▶ **ASSIGNMENT**: Go to the line holding "Mirla | Dam" in the data below and repeat it exactly, then each line after it up to and including the one holding "Sliced Apple In". Omit pictures.

▶ **INFORMATION**:
_ _ _
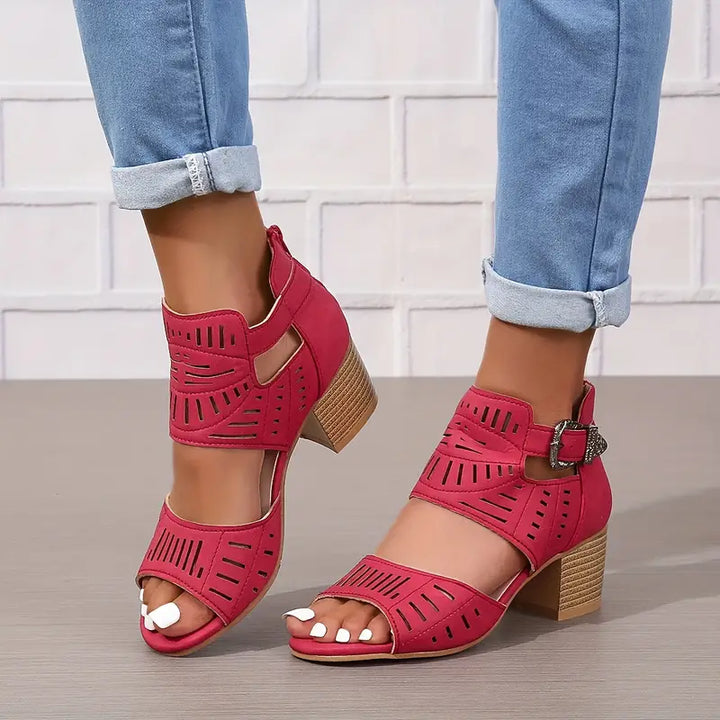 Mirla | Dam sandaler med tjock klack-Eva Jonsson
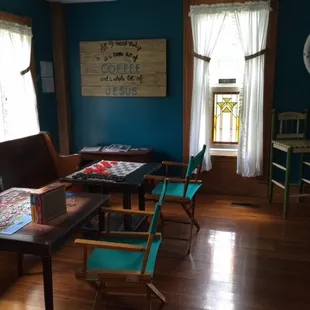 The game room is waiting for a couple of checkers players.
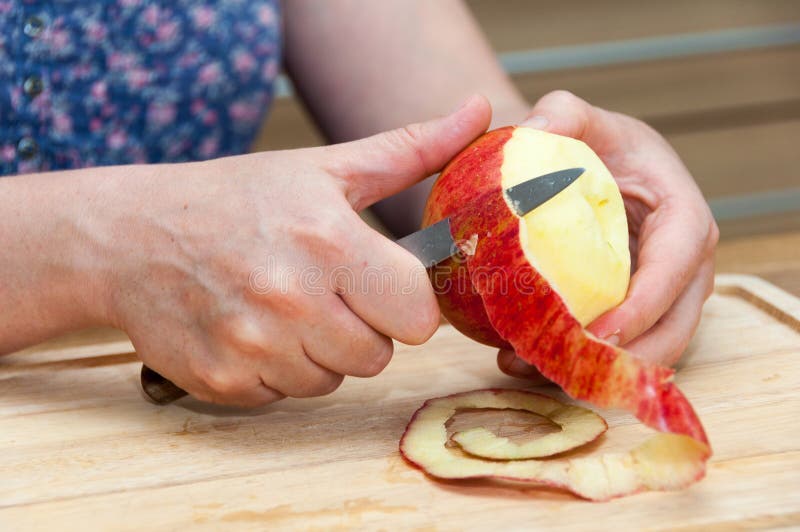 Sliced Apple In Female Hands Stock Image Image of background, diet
_ _ _
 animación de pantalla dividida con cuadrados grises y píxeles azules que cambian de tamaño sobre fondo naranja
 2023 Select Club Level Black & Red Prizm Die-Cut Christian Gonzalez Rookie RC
_ _ _
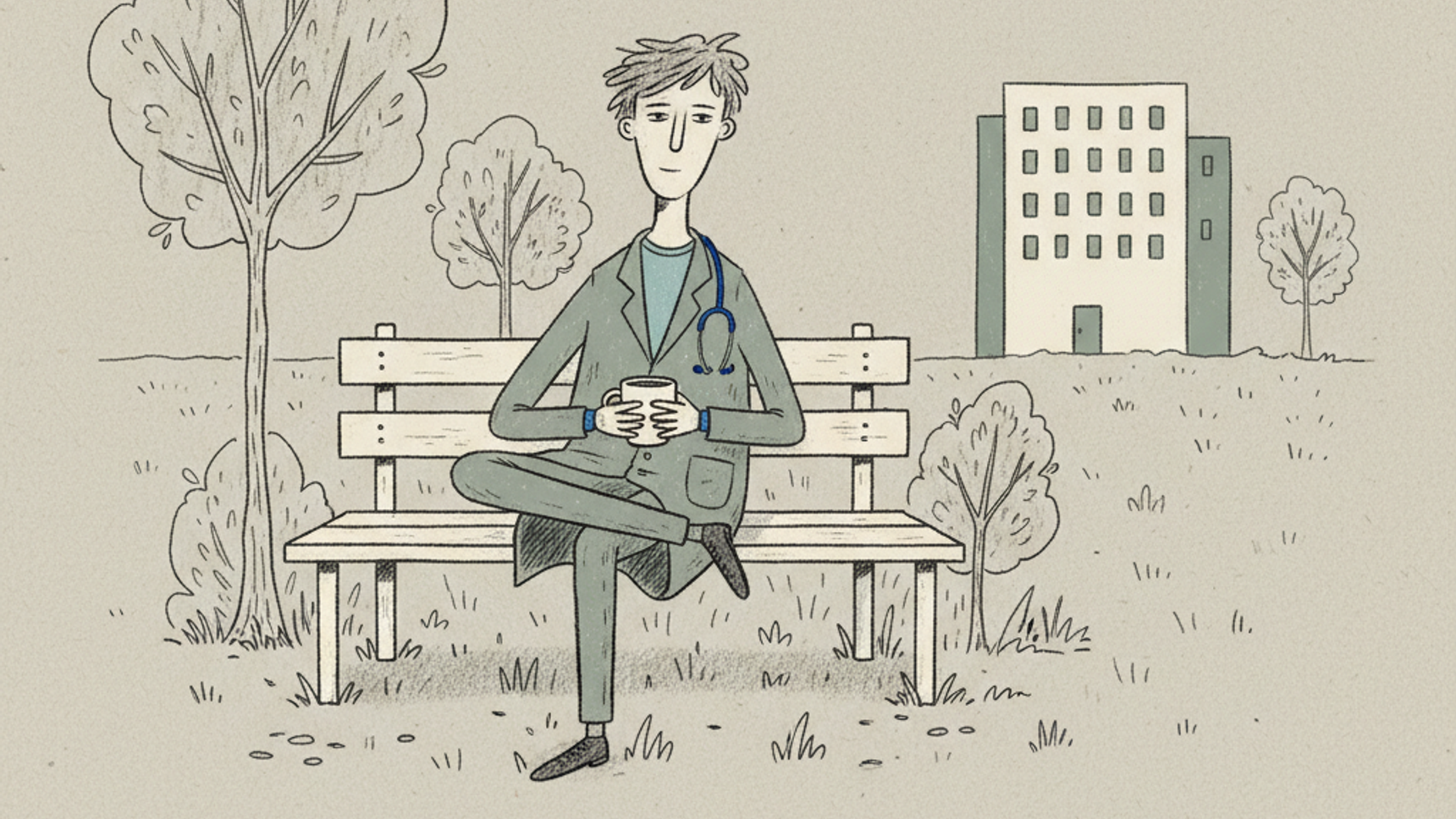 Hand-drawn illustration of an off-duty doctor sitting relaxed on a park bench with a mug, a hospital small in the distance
_ _ _
▶ **WRITTEN SOLUTION**:
 Mirla | Dam sandaler med tjock klack-Eva Jonsson
 The game room is waiting for a couple of checkers players.
 Sliced Apple In Female Hands Stock Image Image of background, diet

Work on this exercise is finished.